I don't have one. I saw them in the 80s. I remember the Brownings worked better than the Suntour version. They had a hinged section of the front chain rings that pivoted when shifting. I figured someone might have one here


----------



## DoubleCentury (Nov 12, 2005)

I sold this complete set this summer.









I would say that it definitely works, not considering reliability issues in adverse conditions. The one design flaw I found is that it is a little too easy to bump the swinging chainring section with the heel of your shoe and initiate a manual shift.


----------



## sandmangts (Feb 16, 2004)

I had one. I never experienced my shoe hitting the swinging chainring section which seems unlikely because that section is behind the crank but I have big feet. The only thing I can say is don't use a cheap battery. Cheap batteries would only shift a few times. Duracel batteries would last for a month of commuting at least. I never used mine for heavy off road use though. Just light fire road on my commute to work.


----------



## CCMDoc (Jan 21, 2010)

I remember seeing one of those on the wall at Roy's BITD. 

Like most,I was of the mindset that "Light is Right" and that thing, while cool, was heavy and of questionable reliability. 

Never saw one in use on the trails or in any race and don't know what happened to the one on at the LBS. Seems like it worked reasonably well under the right circumstances.


----------



## StrangeBike13 (Jan 28, 2011)

I tested them for Mountain and City Biking magazine back in the day, and since they were relatively local (Bainbridge Island), they came up with new versions and we checked them out. I never had one to call my own, but they are very cool, and I really liked the Browning family. I wish I had one now! A transmission, I mean, not a Browning family- I wouldn't have room for all of them.


----------



## thegooddoctor (May 16, 2012)

I had the pleasure of working with the Browning's, Peter Grisley and Bill and Robert Green on the early prototypes and production models prior to Suntour acquiring the rights. I also raced Iditabike '86 with a Browning on my Fat Chance mtb. It worked flawlessly through 200+ miles of snow, ice, water etc.
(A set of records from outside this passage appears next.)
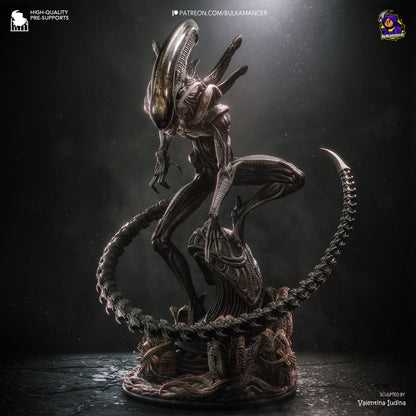 Long-Tailed Biomechanical Stalker | Resin Garage Kit | Unpainted Figure
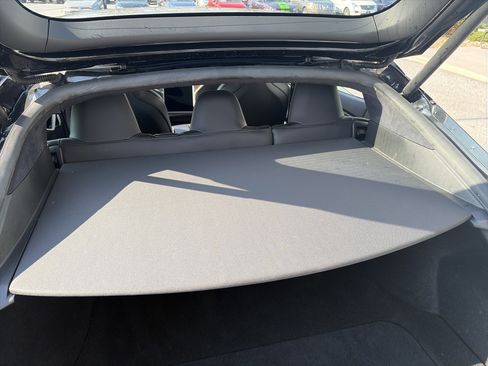 Used 2018 Tesla Model S 75D image 28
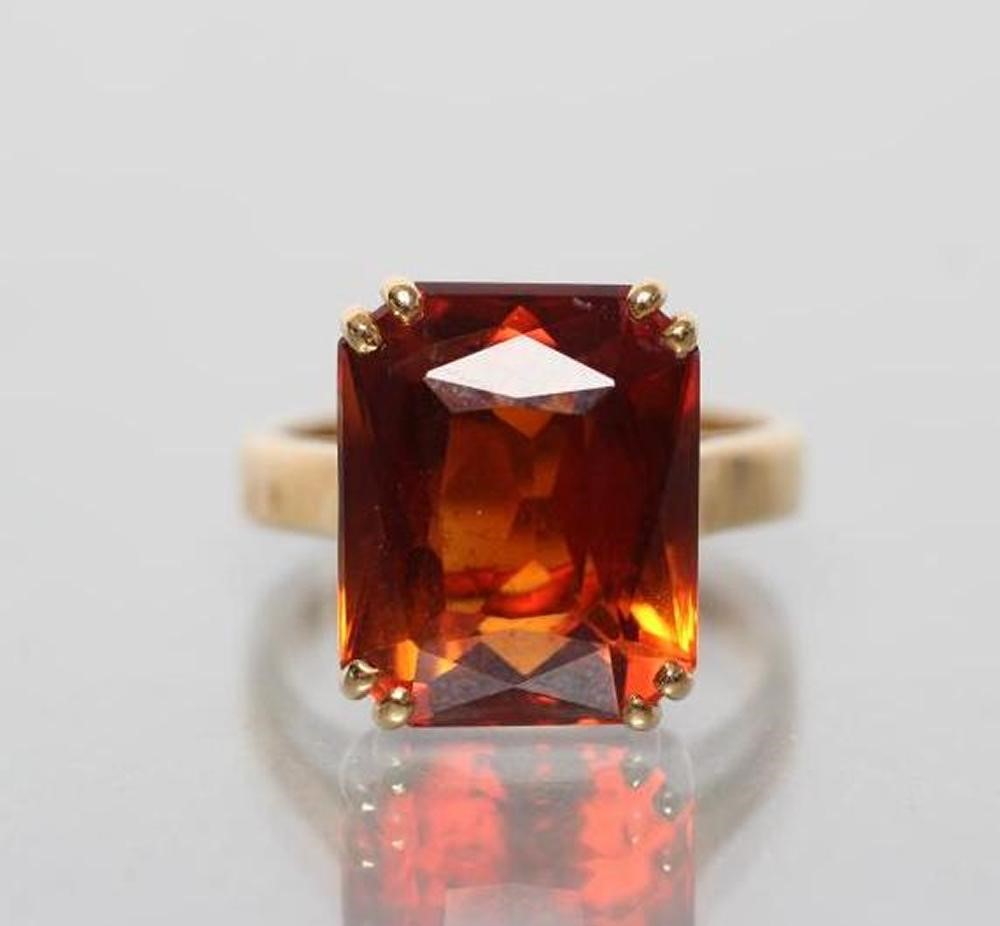 A COCKTAIL RING Image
Few people realize how much of today's front chainring ramps, cassette cog ramps, chains and index shifting took inspiration from the ideas of Bruce and his sons. A brilliant family!


----------



## girlonbike (Apr 24, 2008)

thegooddoctor said:


> I had the pleasure of working with the Browning's, Peter Grisley and Bill and Robert Green on the early prototypes and production models prior to Suntour acquiring the rights. I also raced Iditabike '86 with a Browning on my Fat Chance mtb. It worked flawlessly through 200+ miles of snow, ice, water etc. Few people realize how much of today's front chainring ramps, cassette cog ramps, chains and index shifting took inspiration from the ideas of Bruce and his sons. A brilliant family!


Do you have any pictures?


----------



## thegooddoctor (May 16, 2012)

Nothing but memories!


----------



## sbsbiker (Dec 1, 2007)

DoubleCentury said:


> I sold this complete set this summer.
> 
> View attachment 729516
> 
> ...


Dare I ask what you got for this?


----------



## thegooddoctor (May 16, 2012)

StrangeBike13 said:


> I tested them for Mountain and City Biking magazine back in the day, and since they were relatively local (Bainbridge Island), they came up with new versions and we checked them out. I never had one to call my own, but they are very cool, and I really liked the Browning family. I wish I had one now! A transmission, I mean, not a Browning family- I wouldn't have room for all of them.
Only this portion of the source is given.